Nasreddin Hoca dendiğinde aklımıza nükteleriyle insanlara ders eren bir söz ustası gelir. Örnek metin ve çalışmalar ışığında karşımıza tam da olması gereken Hoca’yı getiriyor Kemikli.
“Yaşadığı dönemde, düştüğü kuyudan çıkmak isteyen insanlara, akl-ı selimle söylediği sözü ve sohbetiyle çare aramaya çalışmış bir derviştir.” (s.26)
İsmi üzerinde soru işaretleri, tartışmalar olan bir isimdir Nesîmi. Hayata bakışından tutun da tasavvufla olan irtibatına kadar birçok noktada karşımıza Nesîmi’nin aykırı duruşu gelir. Kemikli, Nesîmi’yi öylesine bir tarzda anlatıyor ki kara bulutlar dağılıyor, ferahfeza bir gökyüzü bizi karşılıyor şiirler eşliğinde.
Kitapta sadece geçmiş zamana dair notlar yok. Büyük bir coğrafyanın yüzyıllara sığan sesini bizlere ulaştırıyor Bilal Kemikli. “Üstadın İzi” diyerek Sezai Karakoç’u, “Dert Söyletir Aşk Ağlatır” diyerek Hayrettin Karaman’ın bilinmeyen şairlik yönünü de anlatıyor. Şiirin bir süreç olduğunu ve geçip giden zamanda demlenme vakitleriyle kendi yatağını bulduğuna da şahit oluyoruz.
Sezai Karakoç’un bir diriliş muştusuyla kurduğu şiir evreninin temeline de iniyor Kemikli.
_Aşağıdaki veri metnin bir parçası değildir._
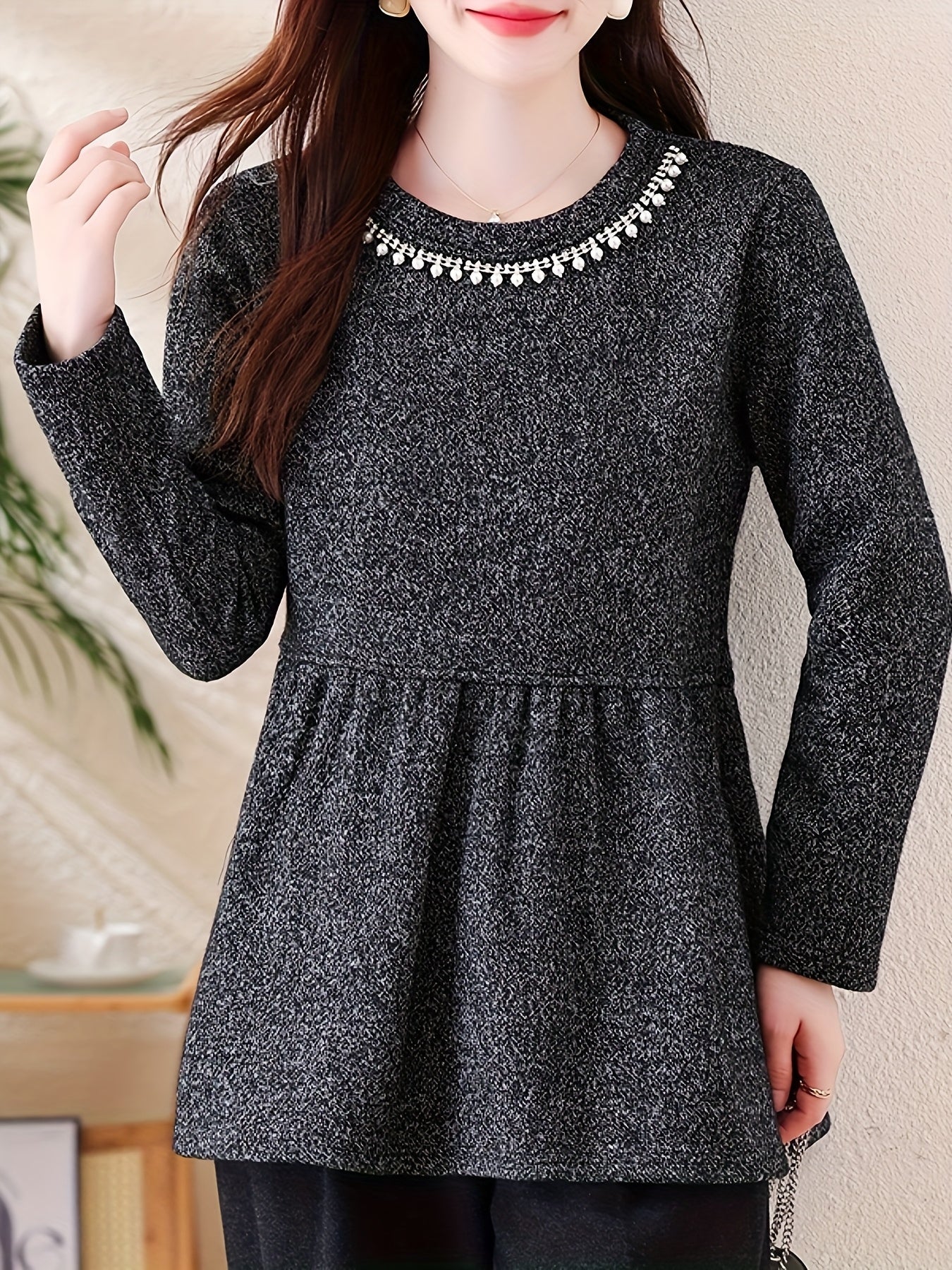 Winter Jacket with -like Faux Shearling Collar & - Longline Coat for Cold Weather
Kendi sesinin sahibi olmak gibi bir evren karşılıyor bizi. Toprağıyla yoğrulmak gibi bir durum her haliyle karşılık buluyor kendine Karakoç’un varlığında.
“Sezai Karakoç’un sözü, sohbeti ve sanatı toplumun bütün kesimlerinde olmasa bile büyük çoğunluğu içinde mâkes bulmuştur. Onun sedasının benim zihin ve gönül dünyamda mâkes bulması, taşıdığı mananın köklü bir geleneğe yaslanmasından mülhemdir.” (s.65)
Mehmet Âkif’e Dair
Kitapta Mehmet Âkif’e geniş yer ayrılmış. Onun yerli ve milli duruşu, gelenekle olan bağı ve İstiklal Marşı ruhu birlikte ele alınmış. İstiklâl Marşı’nı doğru anlamak, bugünün Türkiye’sine bakarak okumak Âkif’i de doğru anlamak için bir girizgâh olacaktır.
Bilal Kemikli’nin Şiiri Demleyen Coğrafya kitabı, Orta Asya bozkırlarında doğup, Türkistan’da demlenen ve Anadolu’da bereketlenen şiir serüvenimizi gözler önüne seren şiir tadında bir çalışma olarak “buyrun dem vaktidir” diyerek şiire davet ediyor herkesi.